Task to complete:
Reproduce the whole listing exactly, omitting any picture it holds.

Data provided:
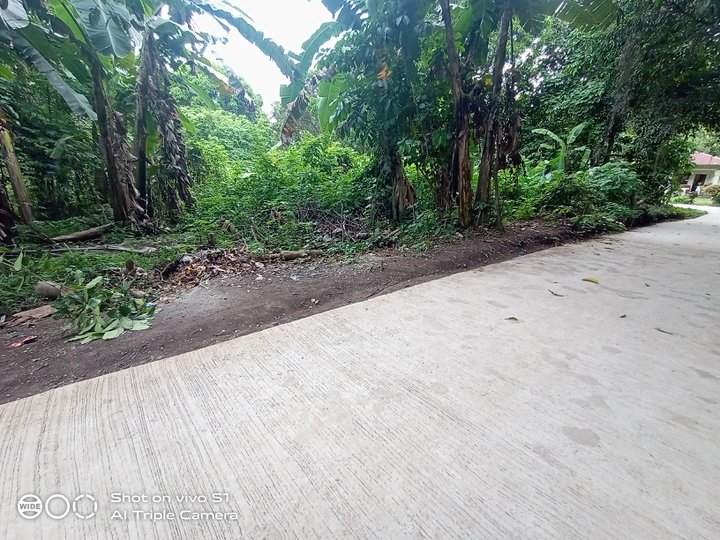 4879sqm. Lot for Sale Near Hiway Indang Trece Road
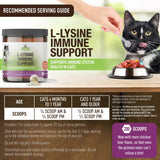 Scoop of Strawfield Pets L-Lysine Granules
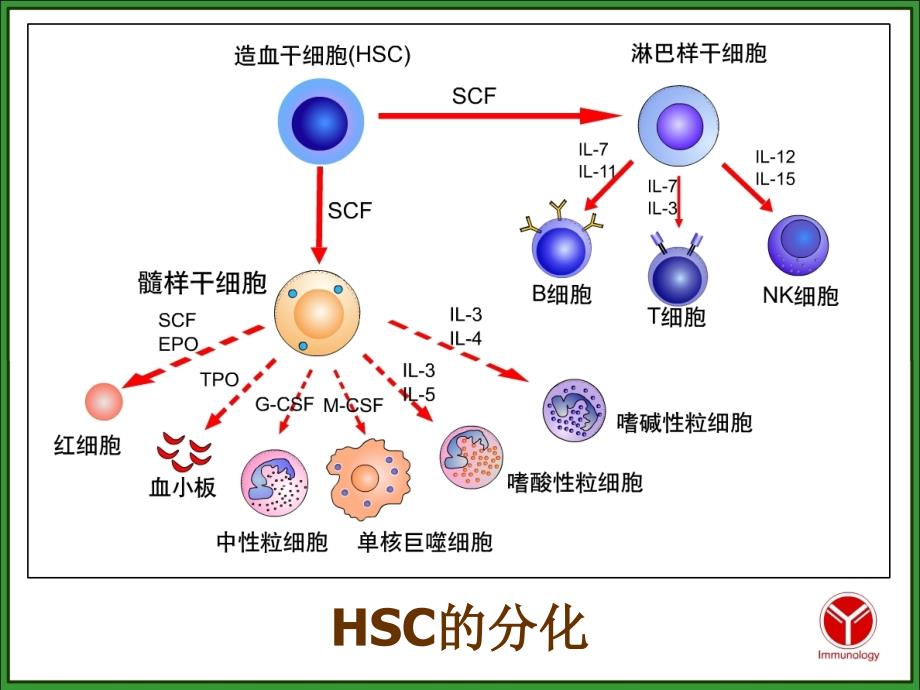 长江大学医学院医学免疫学课件 第二章 免疫组织和器官_第4页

Your response:
 4879sqm. Lot for Sale Near Hiway Indang Trece Road
 Scoop of Strawfield Pets L-Lysine Granules
 长江大学医学院医学免疫学课件 第二章 免疫组织和器官_第4页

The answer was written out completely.